■ **Exercise brief**
Copy task, pictures excluded: set down exactly the lines from the one containing "Tehzeeb Creations Back" to the end of the data below.

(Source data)
──────────────────────────────
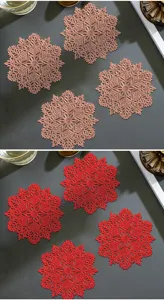Détail de dessous de verre flocon de neige PVC, résistant à la chaleur, tapis de table de fête.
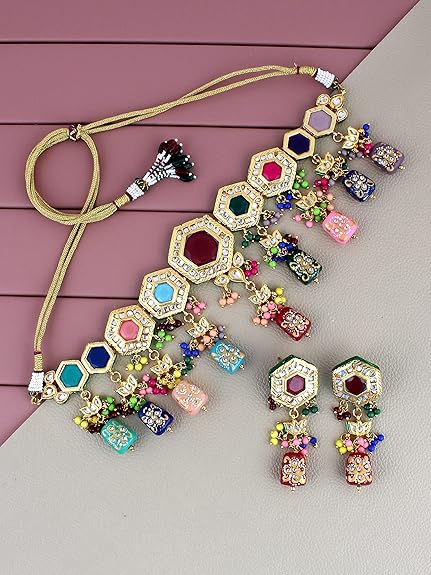Tehzeeb Creations Back Meenakari Gold-Polished MultiColor Tika Earring Jewellery Set Uncut Kundan Choker Necklace Set | Grocsy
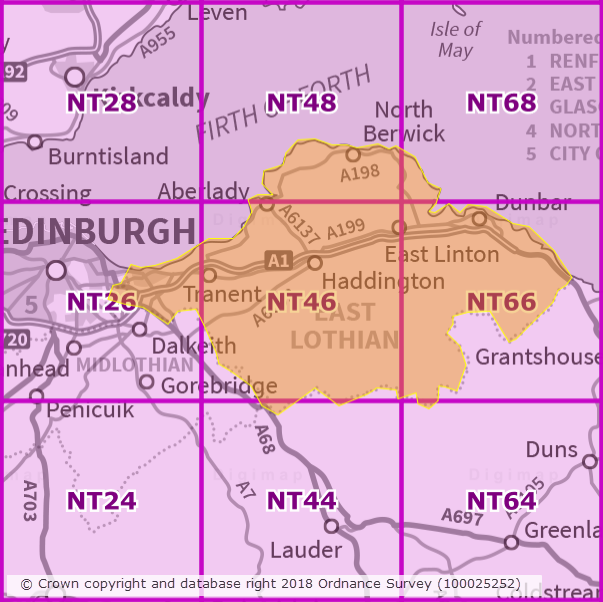 two images showing data selection, tile boundaries and data area provided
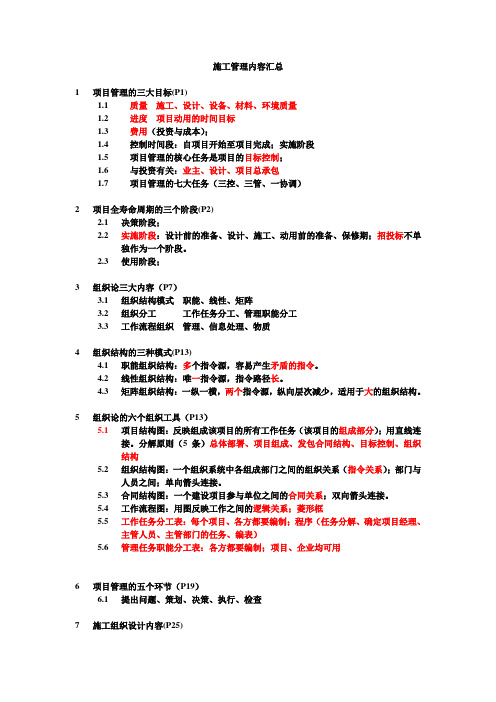 2014年二建施工管理考点汇总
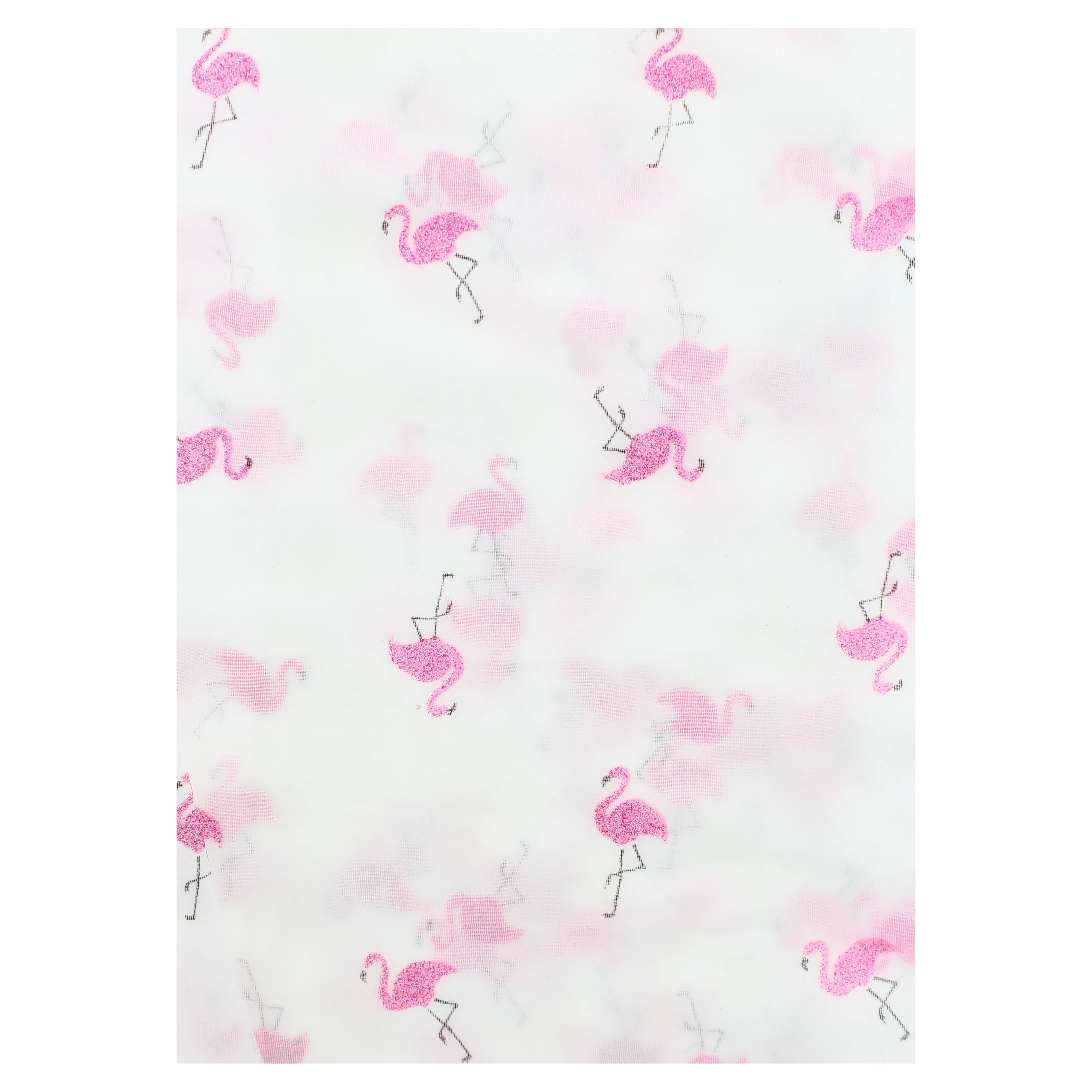 Scarf with Glitter Flamingoes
──────────────────────────────
■ **Exercise solution**
Tehzeeb Creations Back Meenakari Gold-Polished MultiColor Tika Earring Jewellery Set Uncut Kundan Choker Necklace Set | Grocsy
 two images showing data selection, tile boundaries and data area provided
 2014年二建施工管理考点汇总
 Scarf with Glitter Flamingoes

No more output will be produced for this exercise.